Data Science is emerging as one of the hottest new professions and academic disciplines in these early years of the 21st century. A number of articles have noted that the demand for data scientists is racing ahead of supply. People with the necessary skills are scarce, primarily because the discipline is so new. But, the situation is rapidly changing, as universities around the world have started to offer different kinds of graduate programs in data science. This year, for example, New York University is offering two new degrees–a general Master in Data Science, and a more domain-specific Master in Applied Urban Science and Informatics.
It’s very exciting to contemplate the emergence of a major new discipline. It reminds me of the advent of computer science in the 1960s and 1970s. Like data science, computer science had its roots in a number of related areas, including math, engineering and management. In its early years, the field attracted people from a variety of other disciplines who started out using computers in their work or studies, and eventually switched to computer science from their original field.
This was the case with me. I used computers extensively while a student at the University of Chicago, where I worked closely with Prof. Clemens Roothaan, one of the pioneers in the use of computers in physics and chemistry. As an undergraduate, I worked part-time at the university’s supercomputing center which he founded. Later he was my thesis advisor as a graduate student in physics. When the time came to look for a job, I realized that I enjoyed the computing side of my work more than the physics. I decided to switch fields and in 1970 joined the computer science department at IBM’s Watson Research Center.
Not unlike data science today, computing had to overcome the initial resistance of some prominent academics. I still remember a meeting in 1965 with a very eminent physicist from whom I was taking a graduate course. He asked me what I planned to do research on for my degree, and I told him that I was already working with Prof. Roothaan on atomic and molecular calculations. He just said that good theoretical physics should require no more than pencil and paper, rather than these elaborate new computers. In his mind, this wasn’t real physics. A number of the physics faculty felt the same way. Change does not come easy, even for brilliant physicists.
Computer science has since become a well respected academic discipline. It has grown extensively since its early days and expanded in many new directions. It’s quite possible that being around in the early days of computer science and computing in general is part of the reason I’m so interested in the evolution of data science today. So, what is data science all about? One of the best papers on the subject is Data Science and Prediction by Vasant Dhar, professor in NYU’s Stern School of Business and Director of NYU’s Center for Business Analytics. The paper was published in the Communications of the ACM in December 2013. “Use of the term data science is increasingly common, as is big data,” Mr. Dhar writes in the opening paragraph. “But what does it mean? Is there something unique about it? What skills do data scientists need to be productive in a world deluged by data? What are the implications for scientific inquiry?”
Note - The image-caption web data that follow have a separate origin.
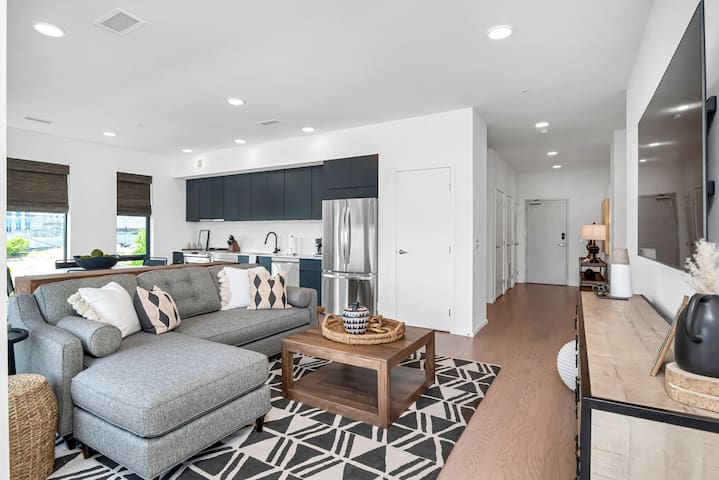 Penthouse River View Walk Downtown +Garage Parking gallery image 2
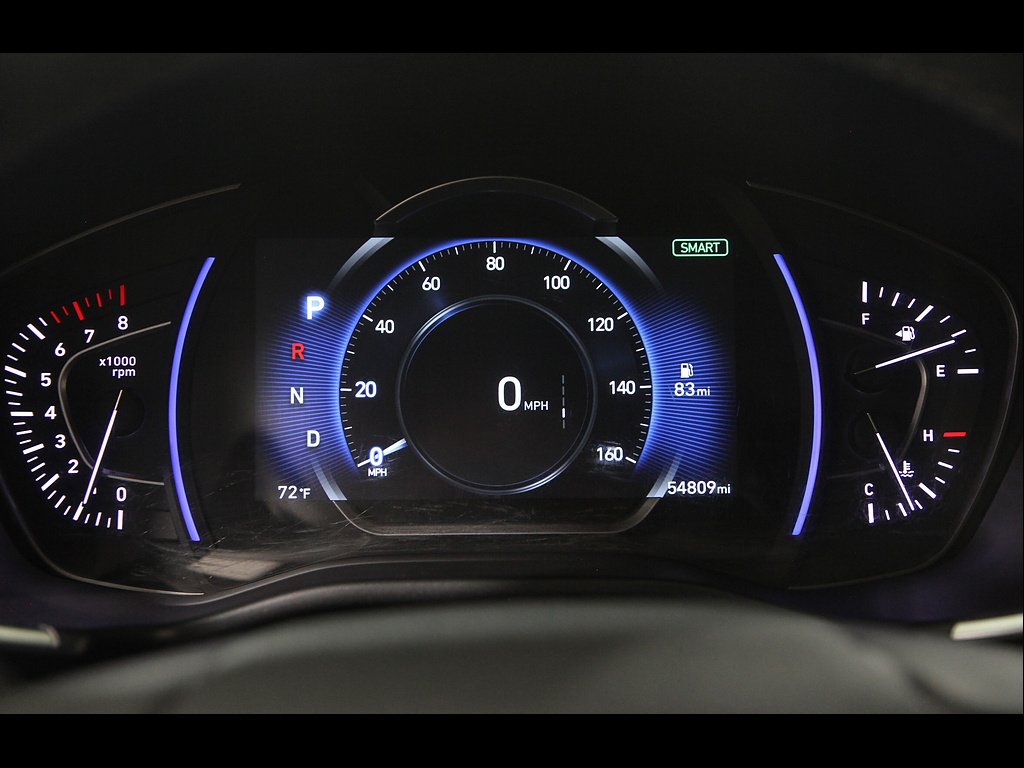 2020 Hyundai Santa Fe Limited - Photo 8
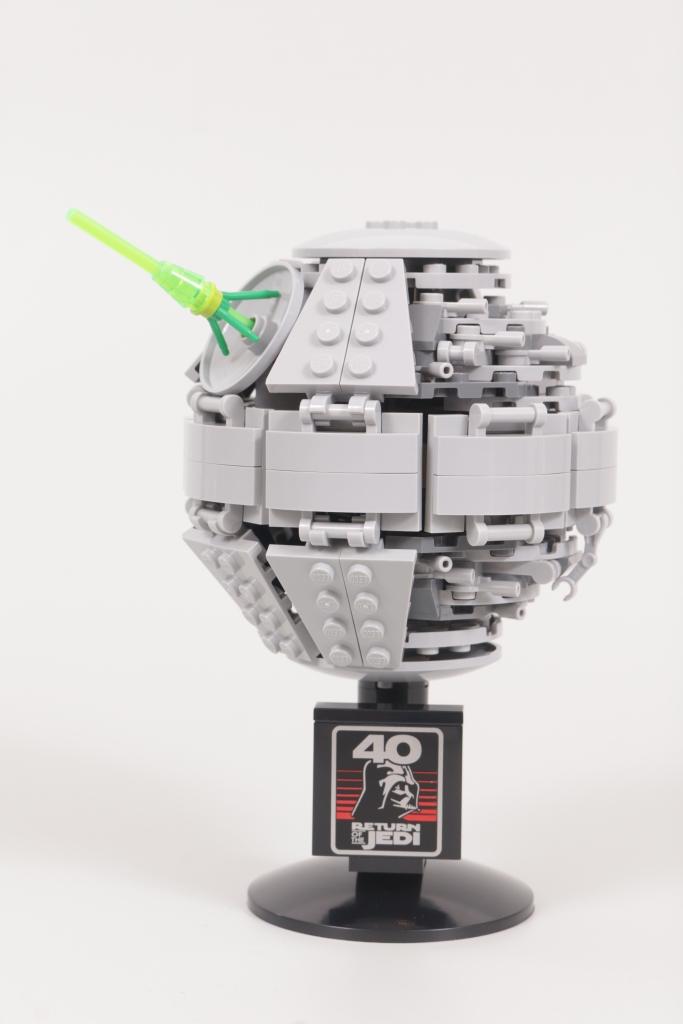 May the 4th LEGO Star Wars 40591 Death Star II gift with purchase gwp feature 3 683x1024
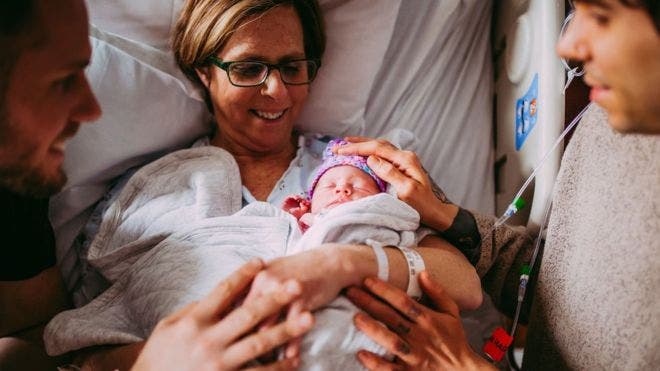 La mujer que dio a luz a su propia nieta para ayudar a su hijo gay a ser padre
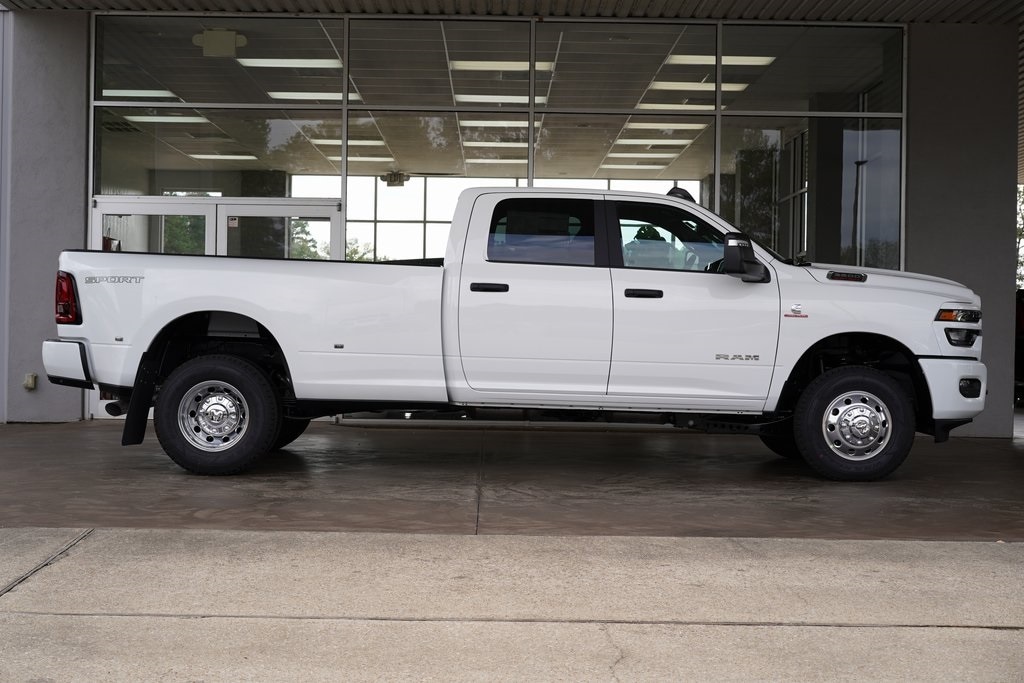 New 2026 Ram 3500 LONE STAR CREW CAB 4X4 8' BOX Pickup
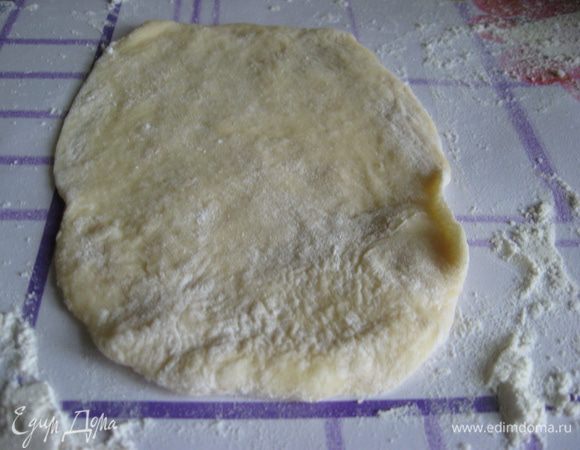 Подошедшее тесто разделить примерно на 18 кусочков. Начнем делать булочки. Раскатайте шарик теста в лепешку 10х14 см.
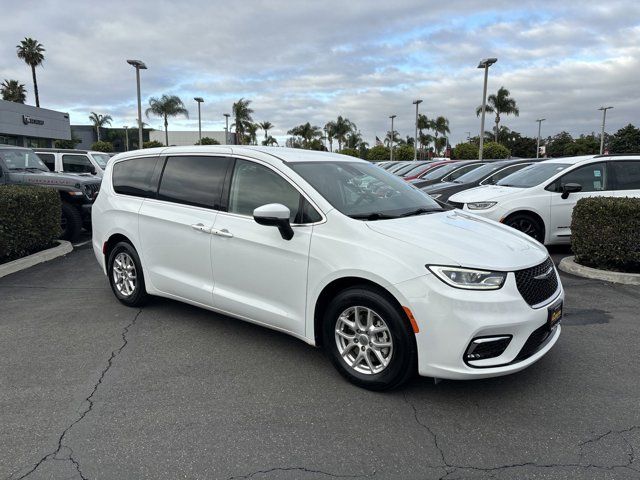 2023 Chrysler Pacifica Touring-L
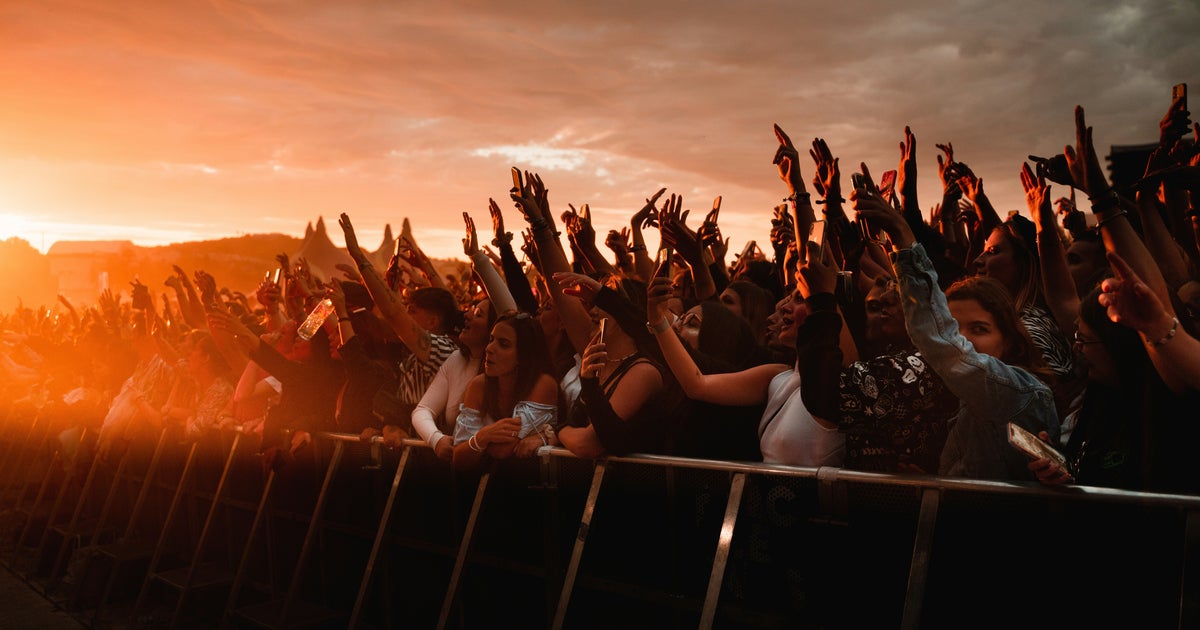 Trying To Get Glastonbury Tickets? An Expert Shares 5 Genius Browser Hacks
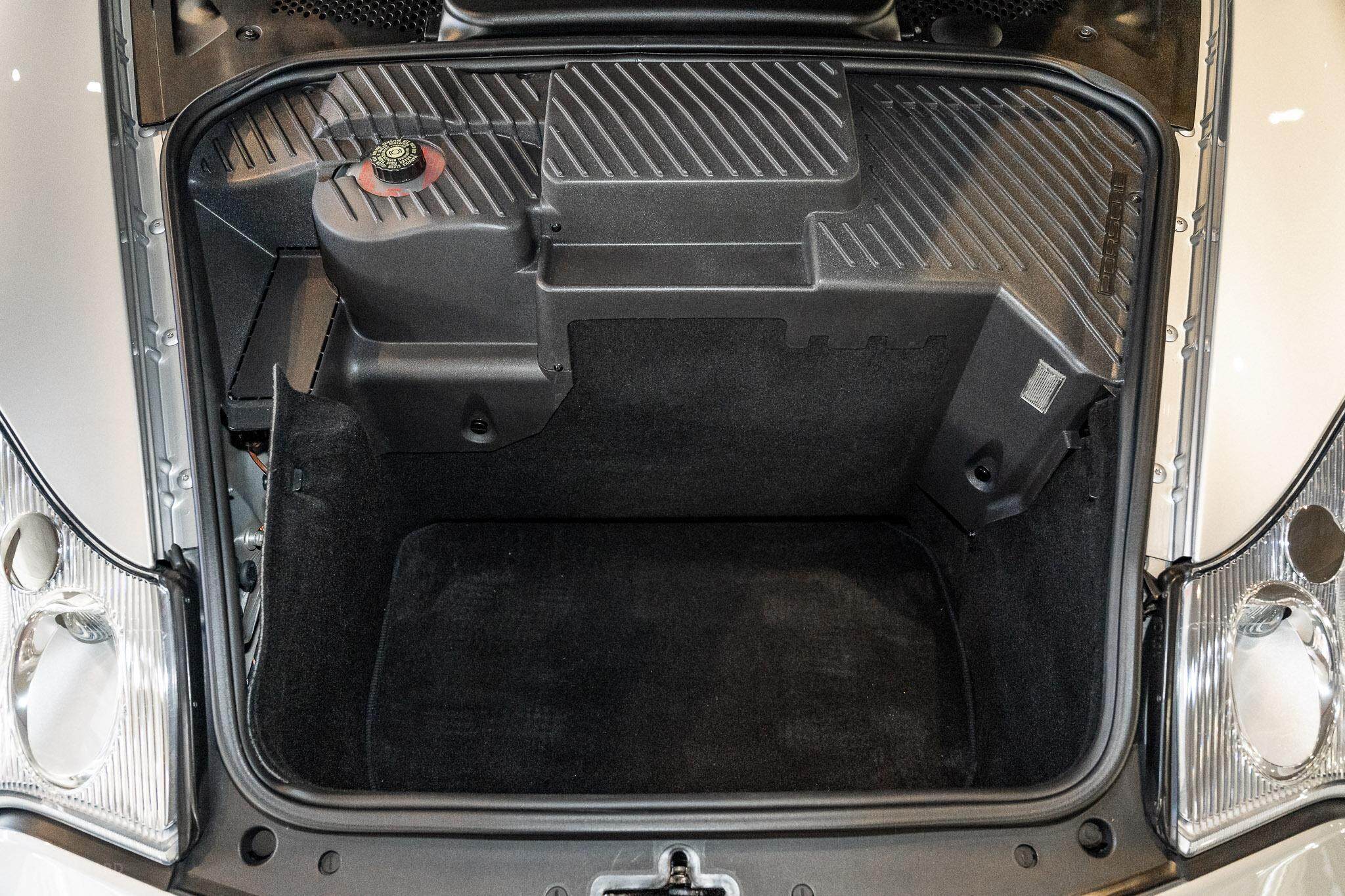 2004 Porsche 911 996 GT3 Coupe 2dr Man 6sp 3.6i [MY04] 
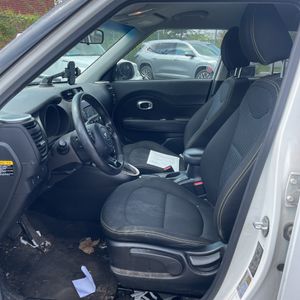 2016 KIA SOUL + 缩略图 31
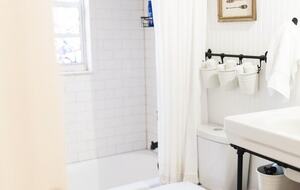 A Quiet Florida Retreat Framed by Trees and Water - Titusville, Florida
He defines data science as being essentially the systematic study of the extraction of knowledge from data. But analyzing data is something people have been doing with statistics and related methods for a while. “Why then do we need a new term like data science when we have had statistics for centuries? The fact that we now have huge amounts of data should not in and of itself justify the need for a new term.”
In short, it’s all about the difference between explaining and predicting. Data analysis has been generally used as a way of explaining some phenomenon by extracting interesting patterns from individual data sets with well-formulated queries. Data science, on the other hand, aims to discover and extract actionable knowledge from the data, that is, knowledge that can be used to make decisions and predictions, not just to explain what’s going on.
The raw materials of data science are not independent data sets, no matter how large they are, but heterogeneous, unstructured data set of all kinds – text, images, video. The data scientist will not simply analyze the data, but will look at it from many angles, with the hope of discovering new insights.
One of the problems with conducting such an in-depth, exploratory analysis is that the multiple data sets that are typically required to do so are often found within organizational silos; be they different lines of business in a company, different companies in an industry or different institutions across society at large. Data science platforms and tools aim to address this problem by working with, linking together and analyzing data sets previously locked away in disparate silos.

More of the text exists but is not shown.